Holi: Fireworks, Powder, Dancing, Mayhem

India's a great place to indulge yourself in activities which, for legal, cultural or expense reasons, are not practical to do in the US, like ordering tailored clothes, littering, paying for a shave, trying out vegetarianism, or making it rain. India's also a great place to blow up an obscene amount of fireworks. Last weekend was the festival of Holi, a two-day festival around the first full moon in February or March, according to the Hindi calendar. According to legend, the son of the king of demons, Prahlada, was a devotee of Vishnu (a good god), and as you may imagine, this development greatly displeased the king of demons, Hiranyakashipu. After trying and failing numerous times to take his son's life, including poisoning him, trampling him by elephants and placing him in a room full of deadly snakes, Hiranyakashipu placed Prahlada on his sister's lap, on top of a burning pyre. The fire burned his sister, Holika, but Prahlada was saved because of his devotion. Today people celebrate the festival Holi with fire and color.

It's tradition to light bonfires and fireworks the night before Holi, and the collective noise turned our neighborhood into the auditory equivalent of North Philly for the night. We lit some fireworks that sparkled in place, turning our courtyard fluorescent green for ten seconds, and hand-held sticks that made a blue chemical fire, which we danced with until they died out and we'd light a new one. We lit some elaborate fireworks that could have been mistaken for those at your local July 4 party. We also set off some "bombs," which didn't light up but did produce a loud gunshot-like noise. We ate, partied, and danced around the bonfire late into the night.
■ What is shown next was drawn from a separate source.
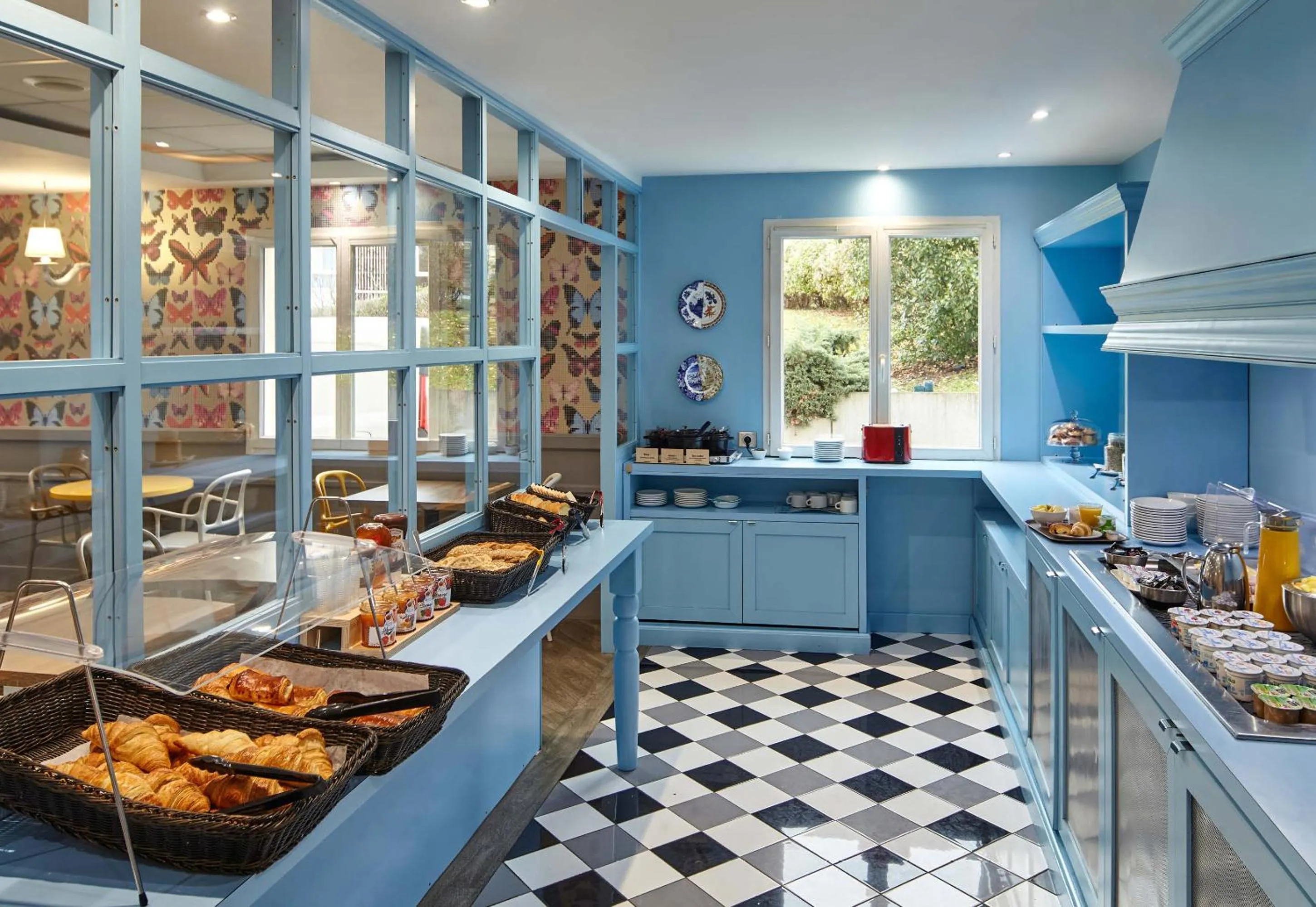 Buffet breakfast in B&B HOTEL Saint-Maur Créteil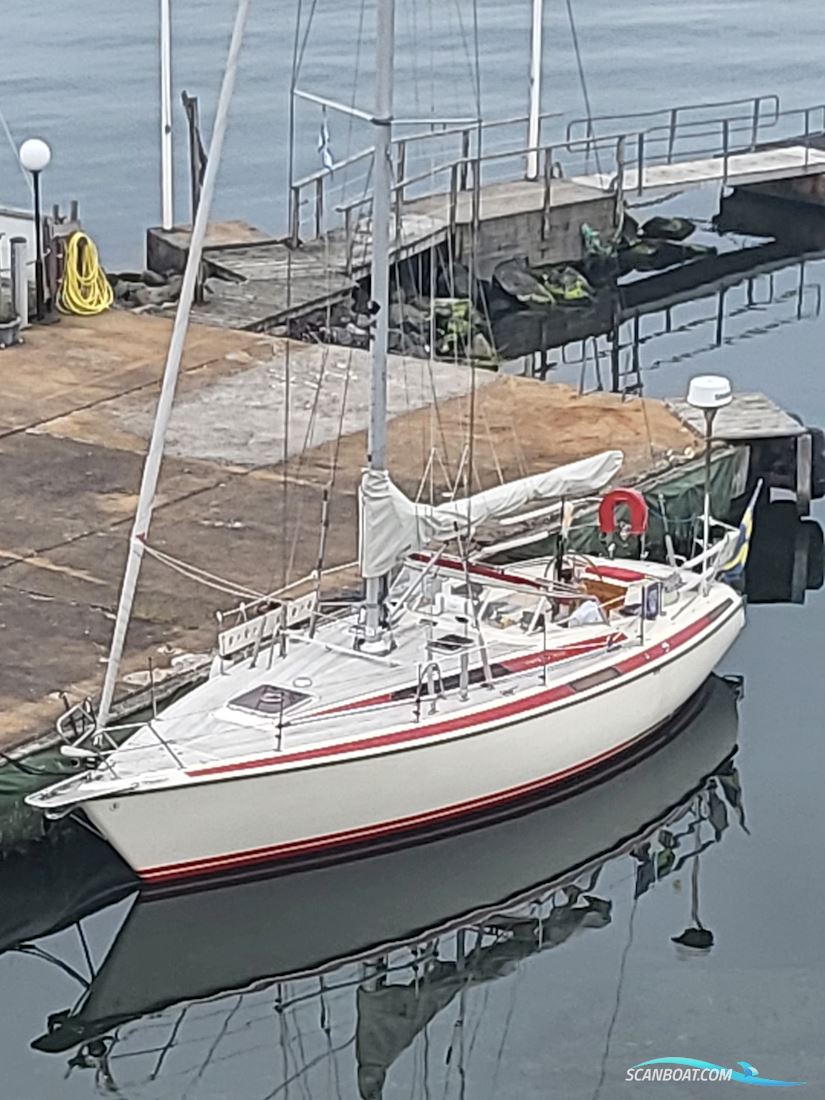 Maxi 108 Sejlbåd 1986, med VP Md 22 motor, Sverige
Post-HoliOn the morning of Holi, everyone buys packets of beautiful dyed powder and watercolors, and spends the morning throwing colors on everyone else, chaotically. The Day of Color would not be an enjoyable festival for an obsessive-compulsive. The correct way to apply colored powder to someone's face is to pour some out in each hand, then smear it over the person's face and hair like your grandma used to do to you when you were six. The other person then does the same to you, and you embrace. If things are going well, you can grab a bucket, add some water and colored dye and pour it on your opposite number. My face changed color from red to blue to purple as the day went on, as did everyone else’s.

Within about twenty minutes of waking up, the floor of our courtyard resembled a Jackson Pollock painting. Soon the courtyard was overwhelmed by the deluge of water and paint and, along with our clothes, turned into a melange of purple, red and brown colors. After an hour we were out of powder, so we walked to the corner store to buy more. During the course of a ten-minute walk, three cars stopped to put powder on us and wish us a Happy Holi.

No Western holiday brings out the raucous joy, fierce energy and community spirit of Holi. Lightness about fireworks aside, it was a wonderful holiday and I'm grateful for the experience.